Ari Yacobi, Chief Data Scientist at Knowledgent, was recently interviewed on the topic of our Intelligent Trial Planning platform built on AWS services. He discusses the data implications, data science models, and AWS components of the platform, among other topics.
Read the full interview below:
Q: Can you tell us what Knowledgent does in respect to AWS?
Knowledgent is a data intelligence consulting firm. Our primary clients are healthcare and life sciences companies. From an engineering standpoint, we move them into AWS environments, and go all the way through building machine learning and AI-based applications for them.
Q: What is the application you’re going to discuss with us?
The application we’re going to discuss today is our Intelligent Trial Planning application, better known as ITP. It uses machine learning and AI to predict what the feasibility of a clinical trial will be, and what the recruitment timeline would look like.
Q: ITP must be really important for that industry because clinical trials can take a long time, or be very expensive to run, and getting some visibility into that would be valuable, is that correct?
Absolutely, it’s not just important but the process of getting there is also very time consuming. They usually have a team of statisticians and researchers work each protocol for the clinical trial to determine what the impact would be and how they would recruit in different countries based on that.
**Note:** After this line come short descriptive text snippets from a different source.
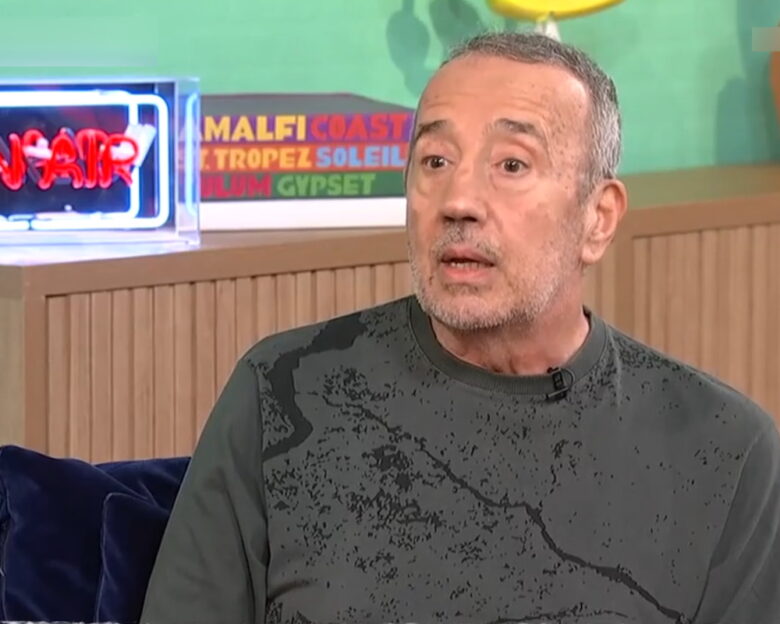 Άγγελος Πυριόχος: «Η Αλίκη Βουγιουκλάκη ήθελε να γράψουμε ένα μιούζικαλ για τη ζωή της»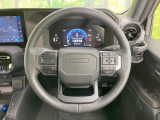 インテリアに合わせたデザインのステアリングは、運転される方のことも考え、運転しやすい形状、大きさです。是非一度、実際に触ってお確かめください。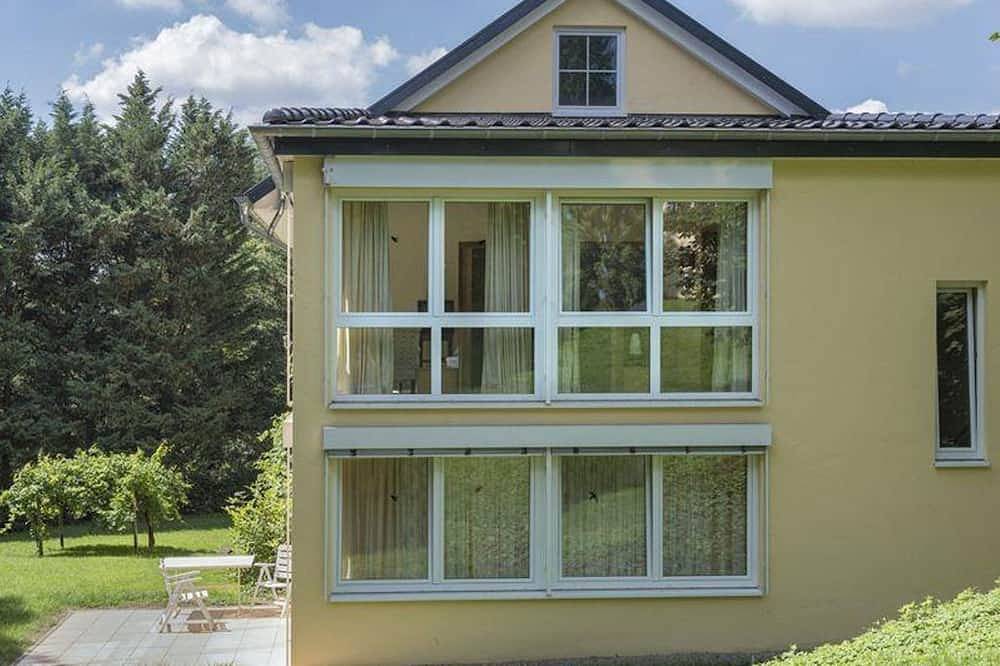Apartment A downstairs with terrace - Thorn Castle in Palzem, Landkreis Trier-Saarburg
It’s a very lengthy process, even just arriving to what those timelines would look like. We have re-imagined it using all the technology that’s available to us with machine learning.
Q: Where do we start?
Let’s start with the data. We are looking at internal and external data sources for a pharmaceutical company. Internal data sources include historical trial data from their past trials and their clinical trial management system data. Externally we’re looking at clinicaltrials.gov, which is a public data source, and Thomson Reuters cancer health, which is an incidence and prevalence data source, and other commercial data sources that are out there. We bring the internal and external data sources into an S3, where the raw data sits.
This application is relatively new, and we’re still on version 1.0 in production. As we built it out, we wanted to leverage the latest and greatest tools and technologies available through Amazon, so we have used Glue for data cleansing, data aggregation and integration, as we brought hundreds of features and different variables in. Glue was used for ETL. Once the data was cleansed and ready, it went into S3, and that’s where the formatted data set was ready for the data scientists to go at it.
Q: How do the data scientists get access to that data, now that it’s been formatted?
Once the data is there, we give them the ability to query it using Athena. It’s serverless and a nice easy way for them to quickly get a sense of what the makeup of the data is, and do the queries on it, and visualize it as they drive what the features are. Once they get a sense of what the data is, we use Glue again for feature extraction.
Q: What’s the difference between the earlier use of Glue and this use of Glue?
The earlier use of Glue is where the data cleansing is done, and this Glue is where we’re doing feature extractions from the formatted data set.
Q: What is feature extraction?
I’ll give you an example. One of the things we look at in clinical trials that is important is if a patient is biologic-naïve or not, and that translates into Feature 01. Biologic-naïve is a patient that has never been exposed to a treatment for that indication that they’re suffering from. So next, the features go into a feature repo, and the feature repo is in S3. Essentially, we make those features available for a distributed team of data scientists to go at and try different machine learning models on it.
Q: What do you use EMR for?
EMR is where the magic happens. This is where the machine learning is done. We use a Jupiter interface with Python for machine learning, and EMR is where the machine learning jobs are run. You can refer to the S3 as Production Model Artifacts. The features and production version feed into the EMR for Machine learning. These predictions are made available both to researchers or anyone using the application through a web-based interface. Through the web-based interface, they can run their protocol definition, specify what the protocol is, and see the output. We’re storing all the data in Dynamo DB, so we’re using Dynamo as our data store. With that said, it’s always evolving. We’re looking at things to implement to make it even better.
Q: What would some of those ideas be? What would you like to do next?
One thing we’re experimenting with right now is bringing in SageMaker and leveraging it for machine learning, so that we can be complete end-to-end AWS.